This World Environment Day the Australian Forest Products Association (AFPA) is calling on all governments and policymakers to better recognise the role sustainably produced Aussie timber and wood fibre plays in helping the nation to protect the environment. From sequestering carbon, to making low carbon renewable and biodegradable environmentally friendly products, Australia’s sustainable forest sector is critical to protecting our environment and also to decarbonise our economies, Acting Chief Executive Officer of AFPA Natasa Sikman said today.
On World Environment Day 2023 the United Nations (UN) is reminding the globe that action on plastic pollution matters and that it’s time to accelerate this action and transition to a circular bioeconomy.
“Sustainable timber and wood fibre grown here in Australia is extremely versatile, and we know that consumers want fibre-based products like grocery bags, packaging, cutlery, straws and more. The forest products sector stands ready to deliver an even greater effort in plastic replacements, but it needs greater recognition to drive the potential of the sector. We need an additional one billion new timber production trees planted and strong, sustainable native forestry industries, so we can meet the ever-growing demand for our sustainable and renewable environmentally friendly products into the future,” Natasa Sikman said.
“If we are going to replace plastics, we need the wood fibre to replace them. Demand for wood fibre is forecast to quadruple by 2050 and this increase in demand will put at risk vulnerable international forests by driving increased deforestation practices. Australia’s sustainable forest management regulations are world best practice and with the right policy settings our forest sector can do more to deliver environmentally friendly low carbon products.

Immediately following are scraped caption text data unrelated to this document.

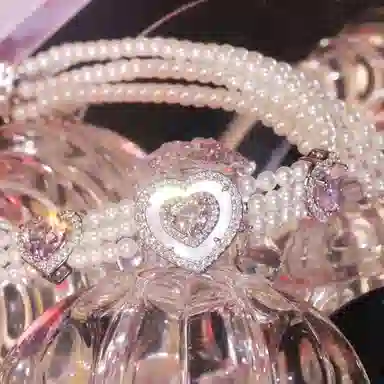 PARA DREAM Y2Kchoker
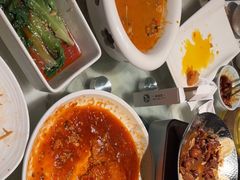 -小菜园新徽菜(常州金坛吾悦店)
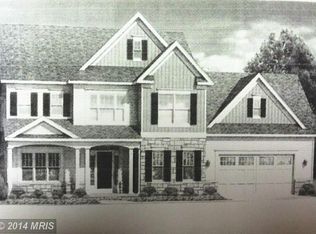 1089 Galahad Dr, Westminster, MD 21157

“Federal Environment Minister Tanya Plibersek has taken a leading role developing a global agreement to phase out plastics and the Albanese Government has committed $300 million to grow the forest sector include funding the National Institute for Forest Products Innovation (NIFPI) that will drive research and development.
“However, the full power of Australia’s forest products sector in purging the world of plastics is yet to be realised. We look forward to continuing our work with the Albanese Government and other policymakers to drive progress on this internationally critical issue,” Natasa Sikman concluded.